**Supplied records:**
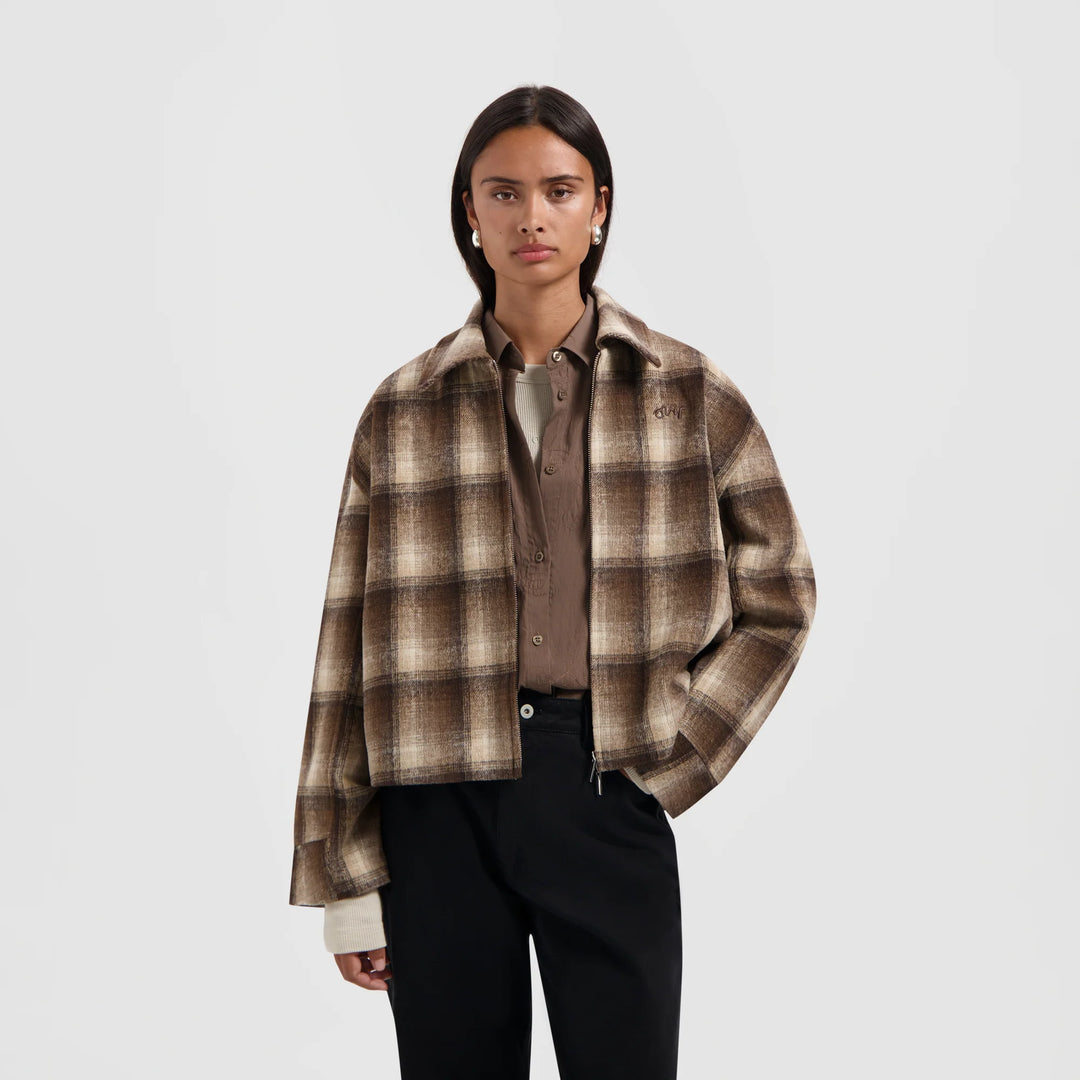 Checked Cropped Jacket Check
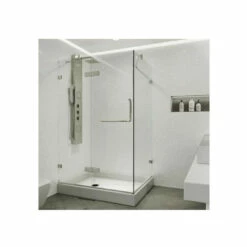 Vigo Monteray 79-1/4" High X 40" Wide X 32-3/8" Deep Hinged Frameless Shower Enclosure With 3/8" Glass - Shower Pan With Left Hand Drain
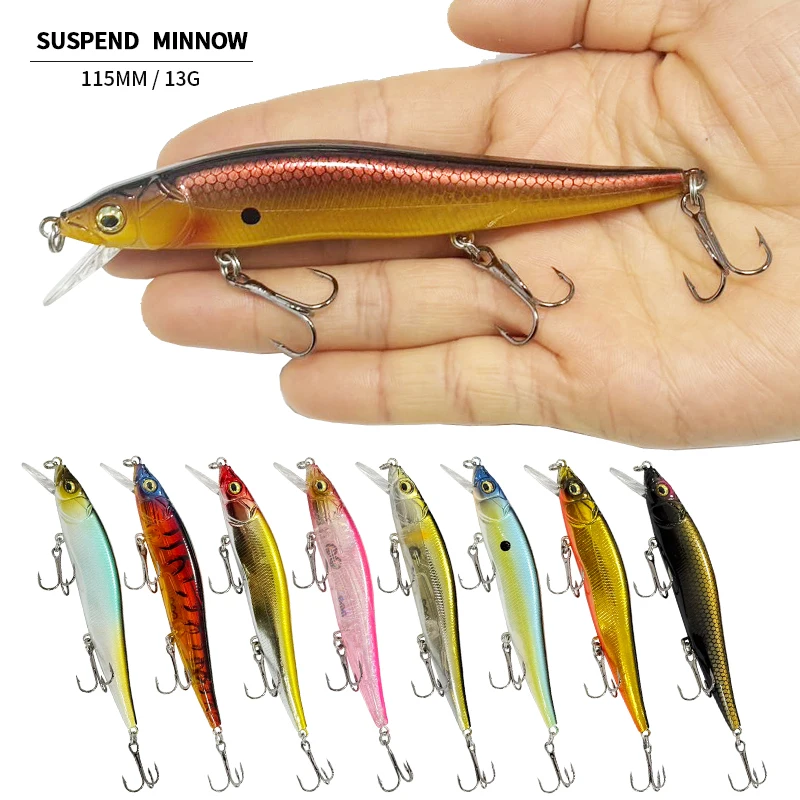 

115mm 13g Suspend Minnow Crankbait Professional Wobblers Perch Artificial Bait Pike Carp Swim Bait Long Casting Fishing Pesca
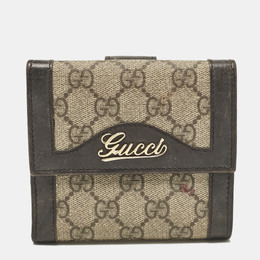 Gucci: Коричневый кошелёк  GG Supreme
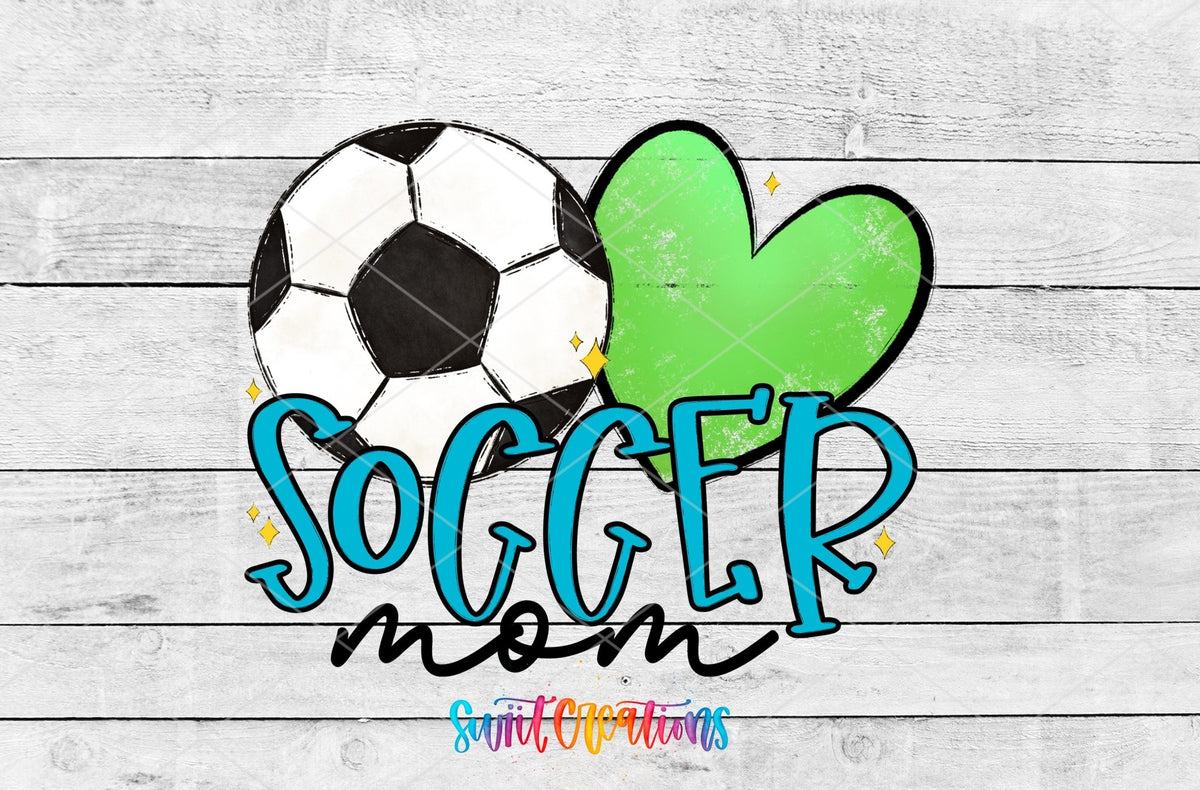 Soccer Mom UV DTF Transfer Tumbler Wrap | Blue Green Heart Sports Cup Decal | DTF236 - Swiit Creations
...
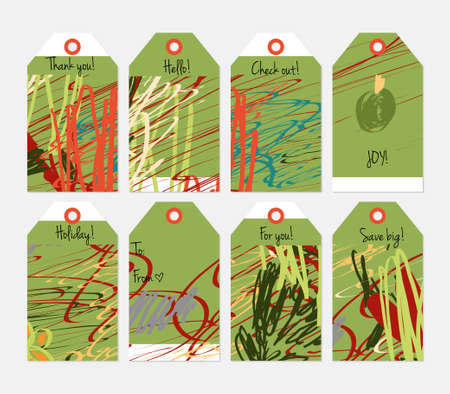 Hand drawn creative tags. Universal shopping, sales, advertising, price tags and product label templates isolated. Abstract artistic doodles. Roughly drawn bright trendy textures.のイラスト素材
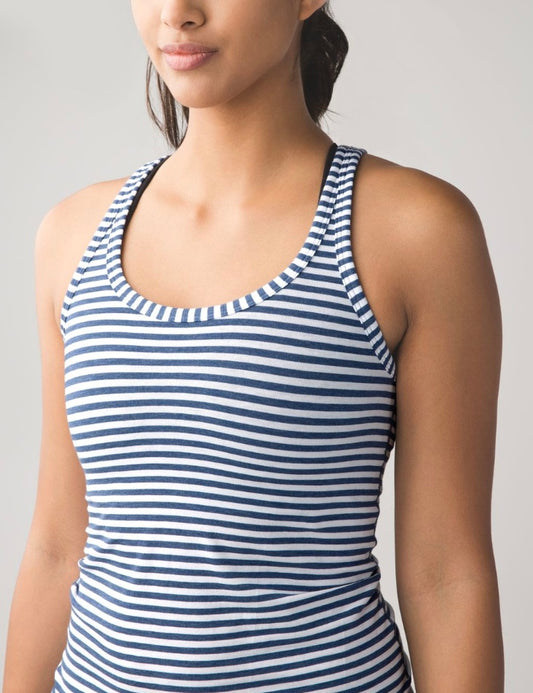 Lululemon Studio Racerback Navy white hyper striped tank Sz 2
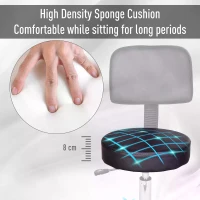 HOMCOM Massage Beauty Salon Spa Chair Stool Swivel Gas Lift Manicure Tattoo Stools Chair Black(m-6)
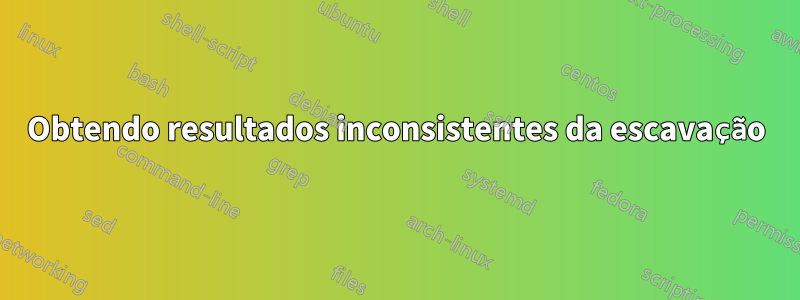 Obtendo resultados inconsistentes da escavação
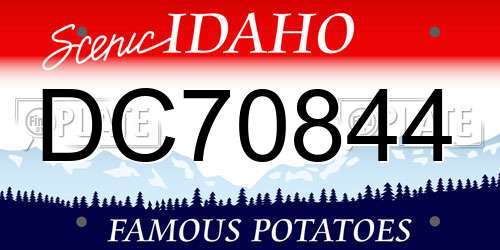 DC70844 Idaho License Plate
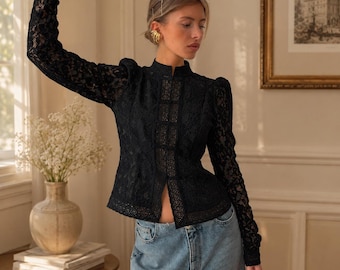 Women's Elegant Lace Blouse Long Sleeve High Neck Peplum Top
...
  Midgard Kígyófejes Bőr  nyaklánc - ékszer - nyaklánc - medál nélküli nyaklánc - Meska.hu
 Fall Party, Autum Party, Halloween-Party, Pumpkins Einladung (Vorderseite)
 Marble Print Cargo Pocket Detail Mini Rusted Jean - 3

**Your assignment:**
Would you restate, exactly and with no pictures, the lines of the entries above from the one containing "115mm 13g Suspend" through the one containing "Soccer Mom UV"?

**Solution for this task:**
115mm 13g Suspend Minnow Crankbait Professional Wobblers Perch Artificial Bait Pike Carp Swim Bait Long Casting Fishing Pesca
 Gucci: Коричневый кошелёк  GG Supreme
 Soccer Mom UV DTF Transfer Tumbler Wrap | Blue Green Heart Sports Cup Decal | DTF236 - Swiit Creations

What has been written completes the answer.